Desde que tengo memoria, la he visto erguida, con sus ventanas oscuras
como cuencas vacías, observando el barrio. La gente susurraba historias
sobre ella, relatos de sombras, lamentos y una presencia que helaba la
sangre. Yo, como muchas jóvenes adultas, siempre me gustaba escuchar
estas cosas. La casa, una imponente estructura de piedra, se alzaba
justo al borde del cementerio. Las lápidas, cubiertas de musgo y
olvido, parecían extenderse hacia la propiedad, como si quisieran
reclamarla. La oscuridad, mi mayor temor, era palpable allí, una
entidad que se aferraba a cada rincón, a cada grieta.
Un día,
impulsada por una mezcla de aburrimiento y desafío, decidí entrar. La
puerta, oxidada y entreabierta, me invitó a cruzar el umbral. El aire
dentro era denso, cargado de un olor a humedad y a algo más, algo
indefinible que me erizó la piel. La luz del sol, filtrada a través de
las ventanas empolvadas, apenas lograba romper la oscuridad. Comencé a
explorar. Cada habitación era un reflejo del abandono, con muebles
cubiertos de sábanas blancas, como fantasmas esperando ser despertados.

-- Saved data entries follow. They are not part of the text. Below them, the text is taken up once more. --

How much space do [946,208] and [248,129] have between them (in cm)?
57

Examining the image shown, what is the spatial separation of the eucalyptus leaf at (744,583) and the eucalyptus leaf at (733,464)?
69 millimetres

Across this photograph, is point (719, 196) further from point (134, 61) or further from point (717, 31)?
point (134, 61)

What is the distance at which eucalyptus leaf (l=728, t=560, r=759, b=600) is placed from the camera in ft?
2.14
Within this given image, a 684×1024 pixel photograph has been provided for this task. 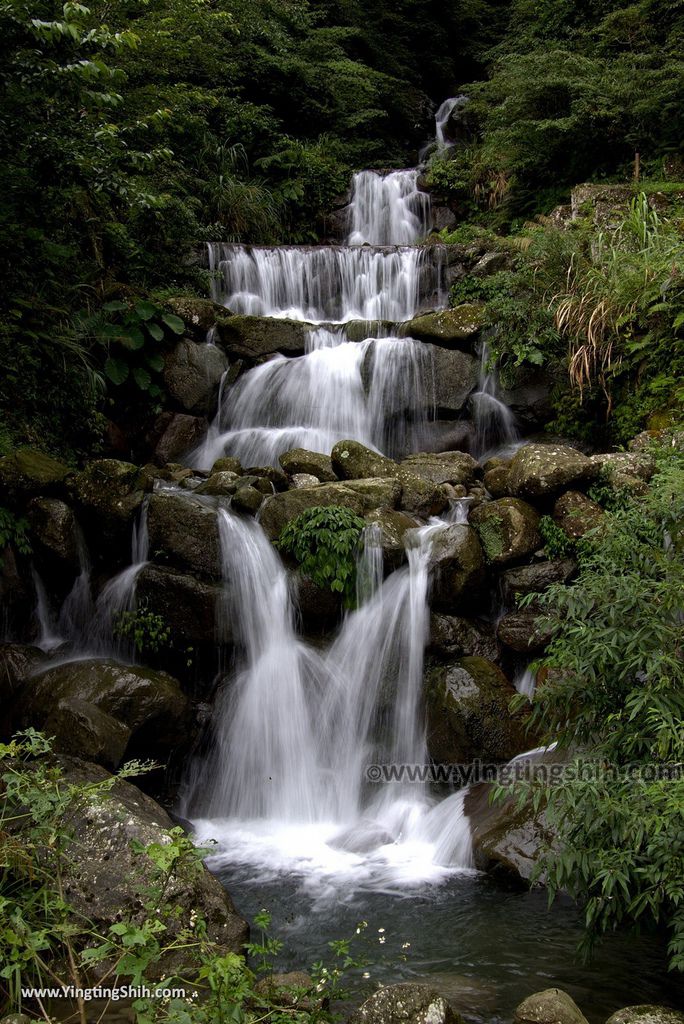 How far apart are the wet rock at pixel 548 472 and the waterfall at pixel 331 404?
3109mm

El silencio era sepulcral, roto solo por el crujido de la madera bajo
mis pies y el latido acelerado de mi corazón. La oscuridad me acechaba,
me envolvía, me susurraba al oído.
En el
salón principal, encontré un viejo espejo. Me acerqué, atraída por mi
propio reflejo. Pero lo que vi no era solo mi imagen. Detrás de mí, en
la penumbra, vislumbré una figura. Una mujer, vestida con ropas
antiguas, con el rostro pálido y los ojos hundidos. Me quedé
paralizada, incapaz de moverme, mientras la figura se acercaba
lentamente. El miedo, puro y visceral, me invadió. La oscuridad se
intensificó, como si la casa misma estuviera respirando. Sentí un
escalofrío que recorrió mi cuerpo, un frío que provenía de lo más
profundo de mi ser. La mujer extendió su mano, una mano translúcida, y
la oscuridad pareció atraparme.
Intenté
gritar, pero mi voz se ahogó en mi garganta. Intenté correr, pero mis
piernas se negaron a obedecer. Estaba atrapada, inmovilizada por el
terror. La mujer, con una sonrisa macabra, me susurró algo al oído,
palabras ininteligibles que resonaron en mi mente como un eco de la
locura. Cerré fuerte los ojos estuve así minutos, se hicieron eternos,
cuando los abrí estaba sola en esa habitación frente al espejo. Salí y
no volví a entrar en esa casa. La experiencia me marcó para siempre.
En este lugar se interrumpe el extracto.